◆ Aim of the exercise
Set down every entry again word for word, please, but skip the pictures.

◆ Data provided
● ● ● ● ● ● ●

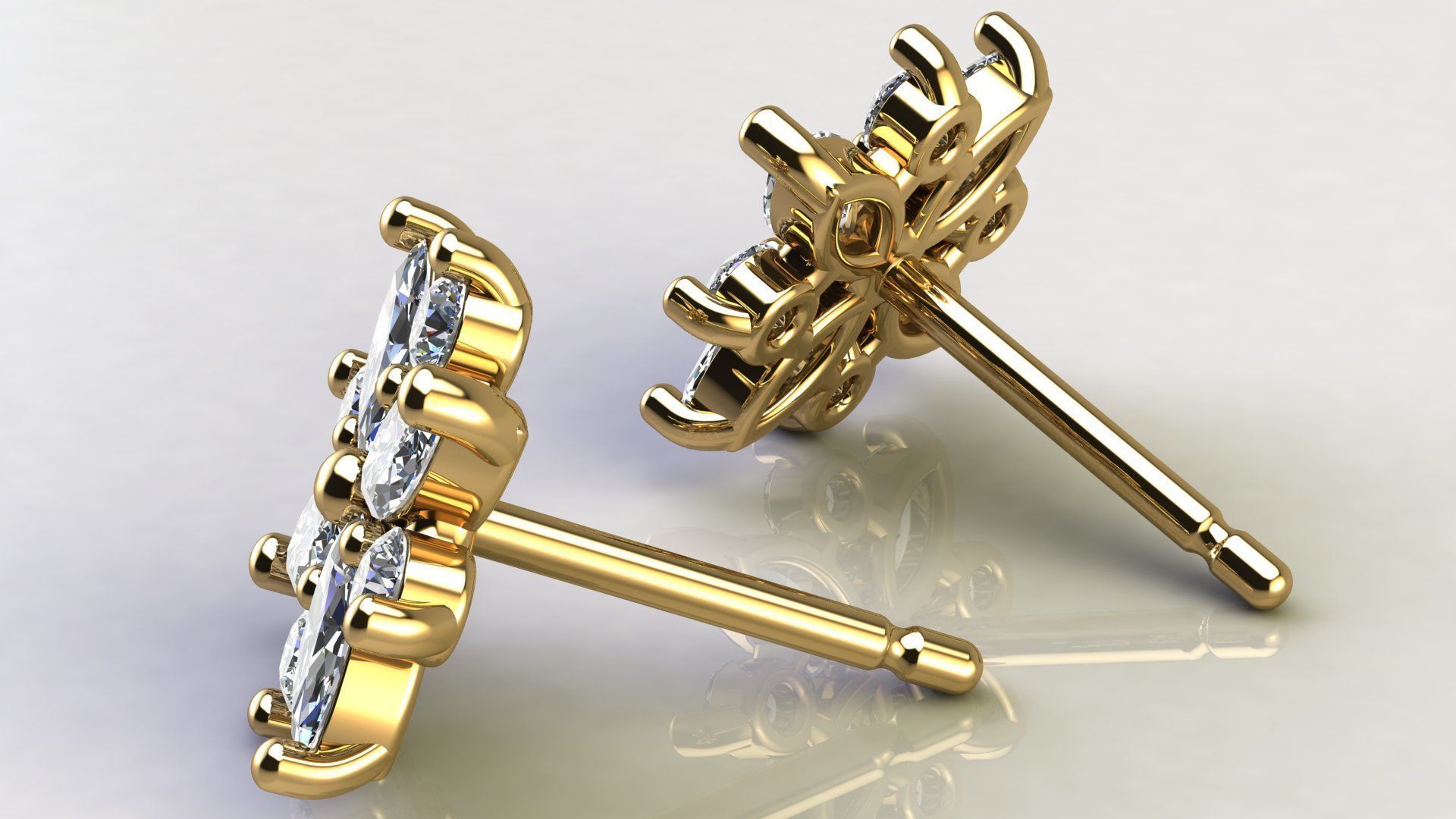 Diamond Cluster Earring 3D print model_11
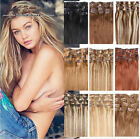 Any Color Clip In 100  Real Remy Human Hair Extensions Weft Full Head Natural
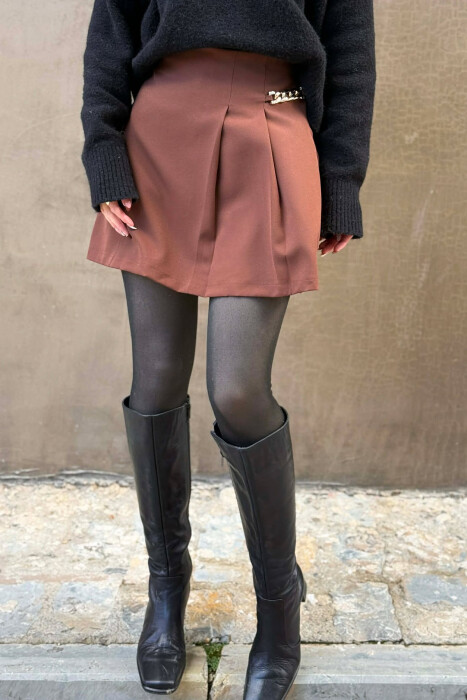CHAIN DETAIL ONE COLOR WOMEN SKORT BROWN/KAFE - 6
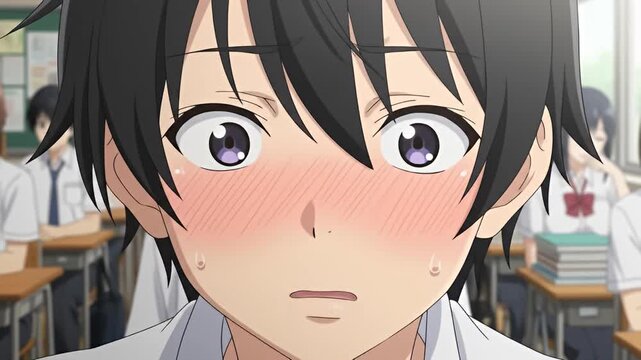 Anime character with purple eyes and flushed cheeks, slight smile, in classroom setting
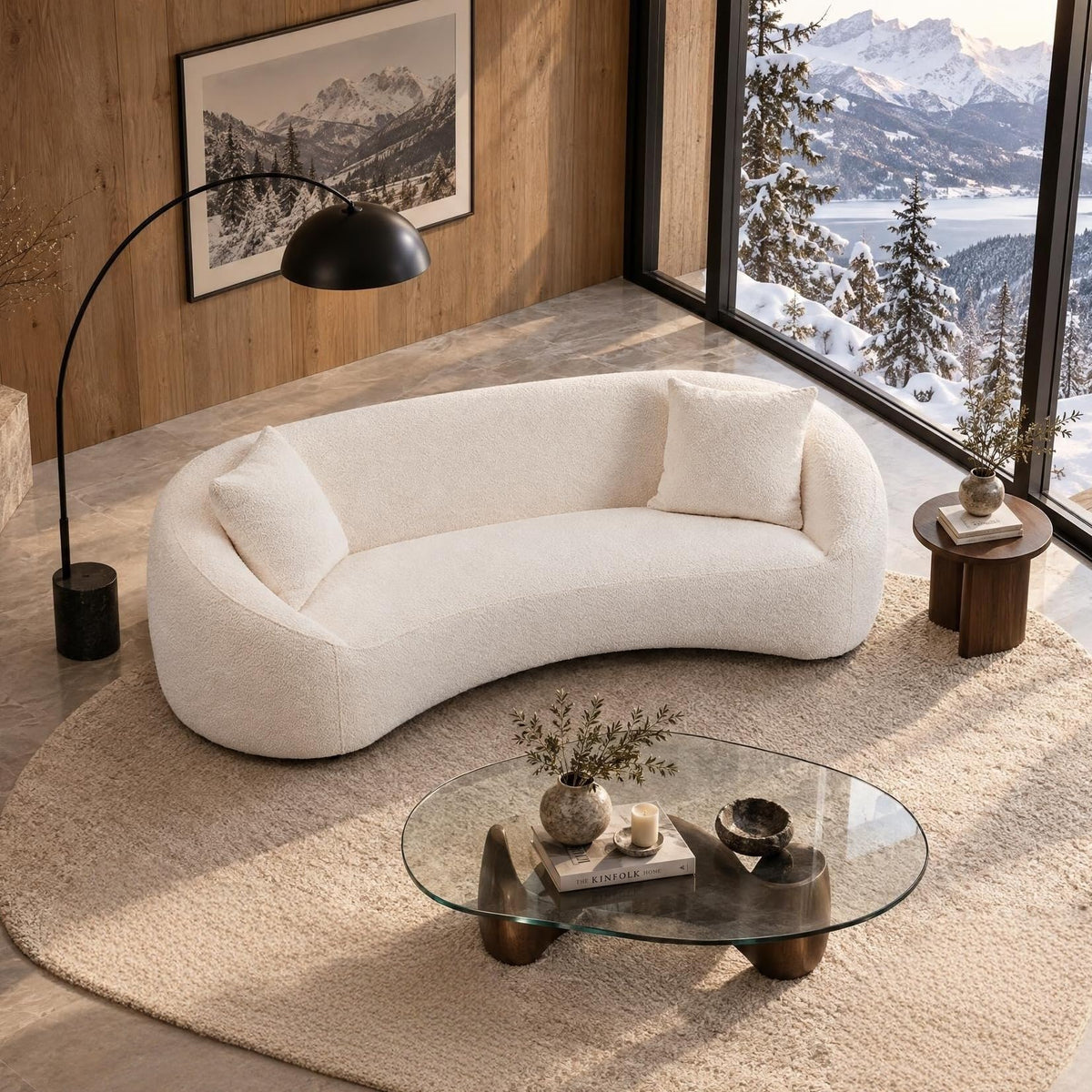Curved Sofa Couch, 93", Chenille, Modern, White Boucle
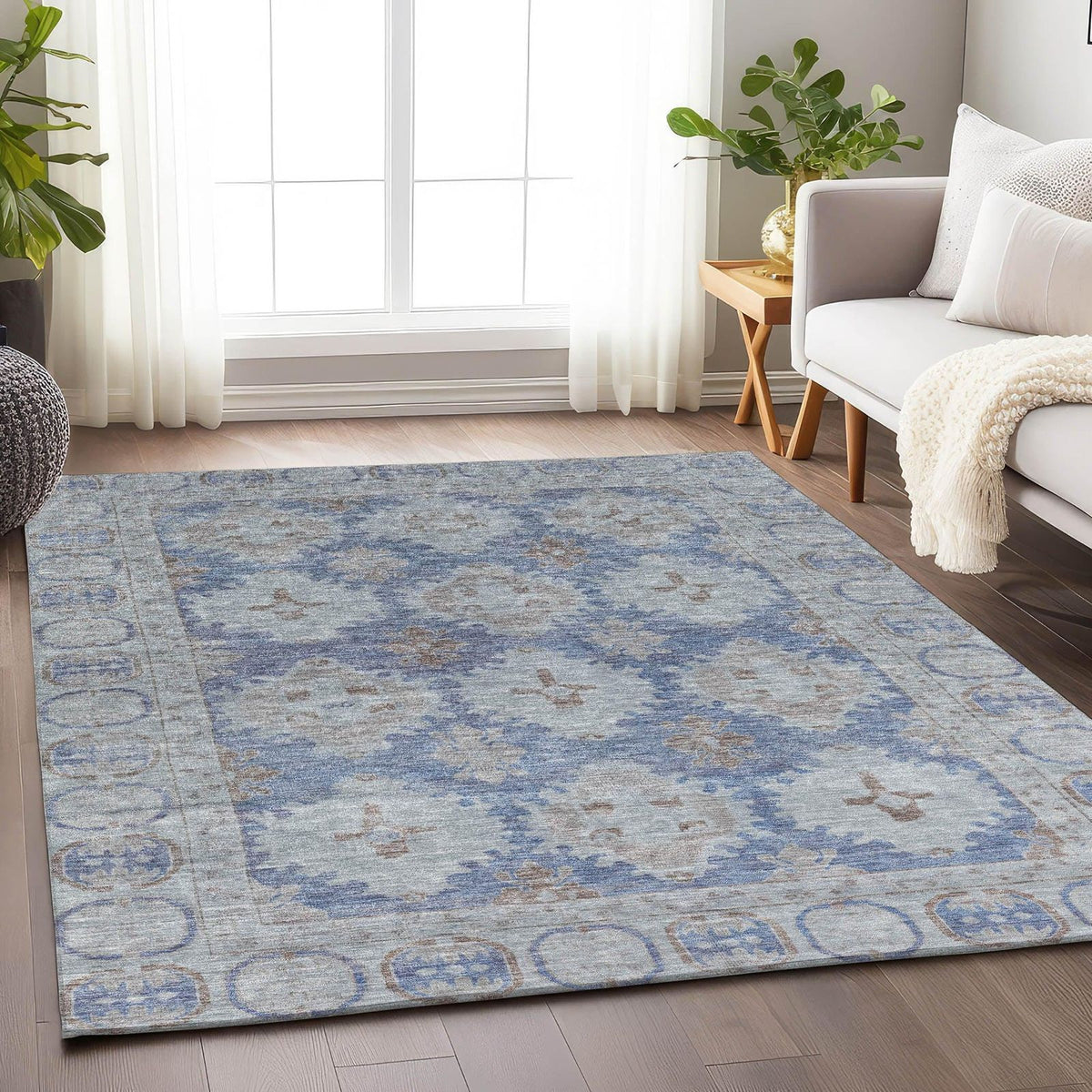 Jaelora Blue Washable Indoor-Outdoor Rug -- blue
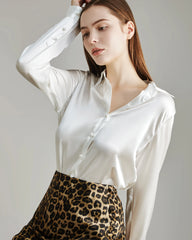Classic Pearl Button Silk Shirt For Women White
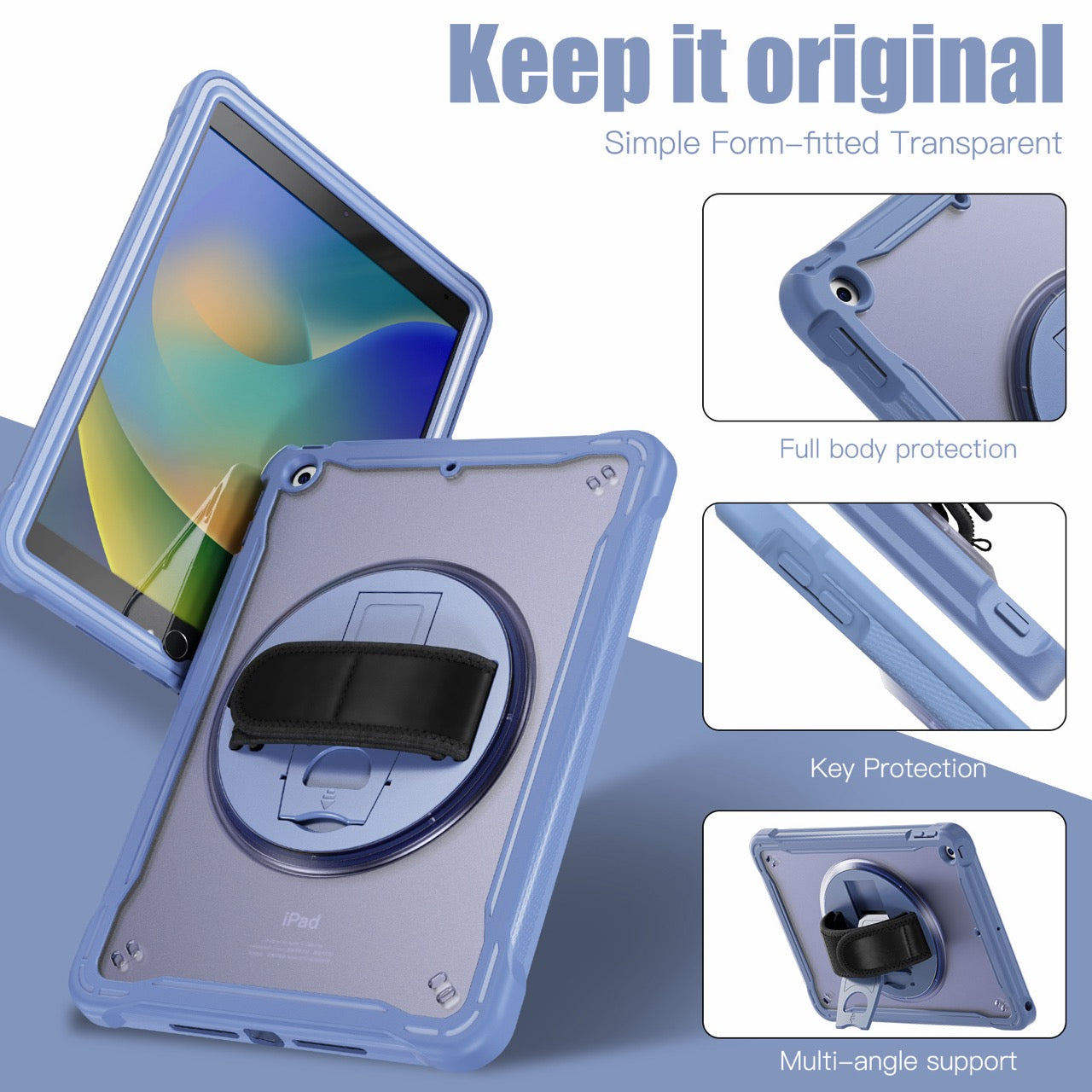 iPad 10.2" (7th/8th/9th Gen) Rugged Case - 360° Stand, Hand & Shoulder Strap - Shockproof - Lavender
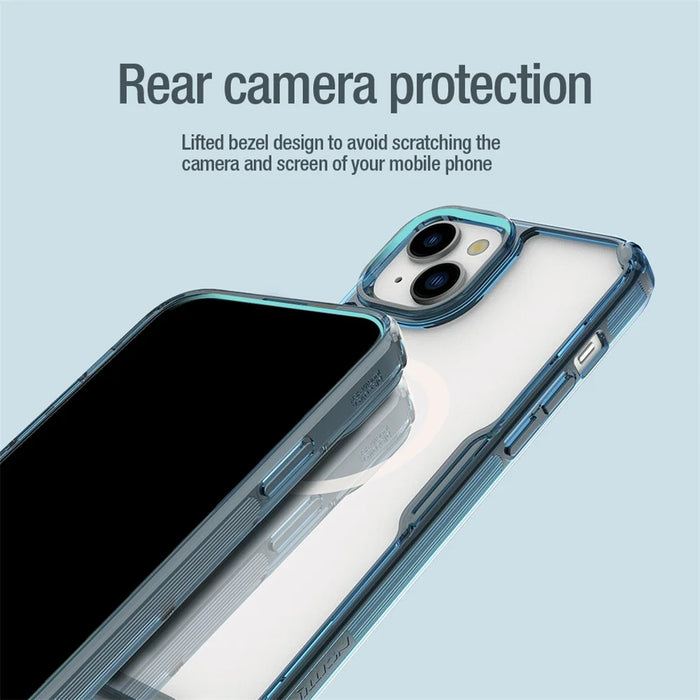 NILLKIN Nature Pro Series Magnetic Case for iPhone 15 Plus Compatible with MagSafe PC+TPU Protective Phone Cover - Blue - 7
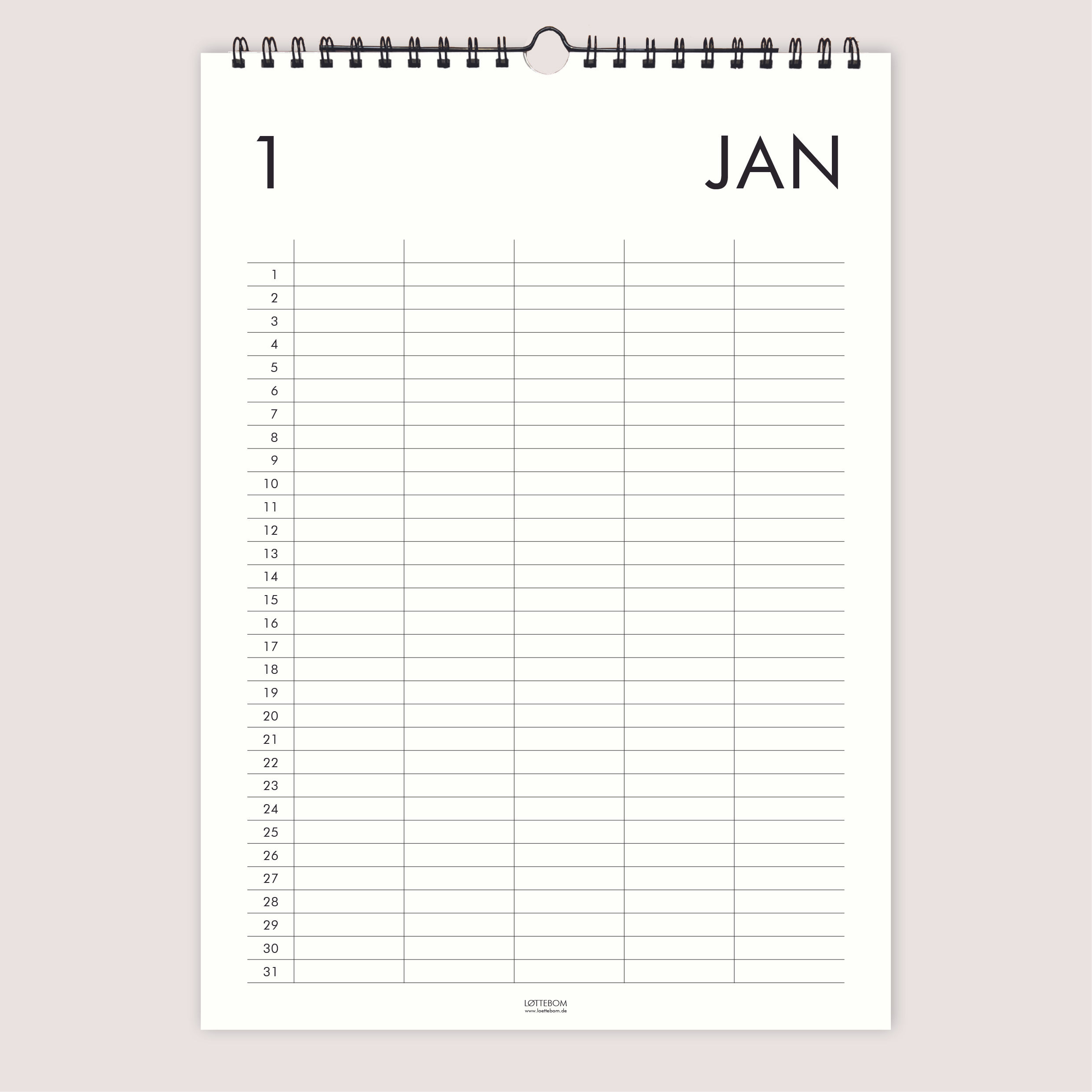 Yearly Planner - perpetual annual calendar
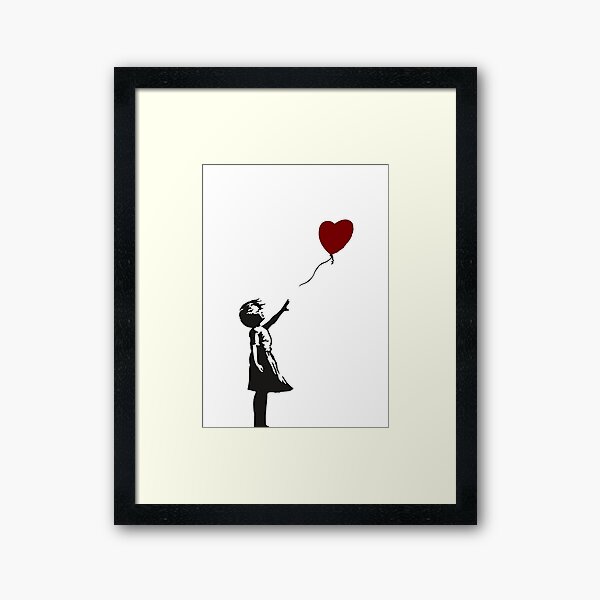 Banksy - Girl with Balloon Heart Framed Art Print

● ● ● ● ● ● ●

◆ Worked solution
 Diamond Cluster Earring 3D print model_11
 Any Color Clip In 100  Real Remy Human Hair Extensions Weft Full Head Natural
CHAIN DETAIL ONE COLOR WOMEN SKORT BROWN/KAFE - 6
 Anime character with purple eyes and flushed cheeks, slight smile, in classroom setting
Curved Sofa Couch, 93", Chenille, Modern, White Boucle
 Jaelora Blue Washable Indoor-Outdoor Rug -- blue
Classic Pearl Button Silk Shirt For Women White
 iPad 10.2" (7th/8th/9th Gen) Rugged Case - 360° Stand, Hand & Shoulder Strap - Shockproof - Lavender
 NILLKIN Nature Pro Series Magnetic Case for iPhone 15 Plus Compatible with MagSafe PC+TPU Protective Phone Cover - Blue - 7
 Yearly Planner - perpetual annual calendar
 Banksy - Girl with Balloon Heart Framed Art Print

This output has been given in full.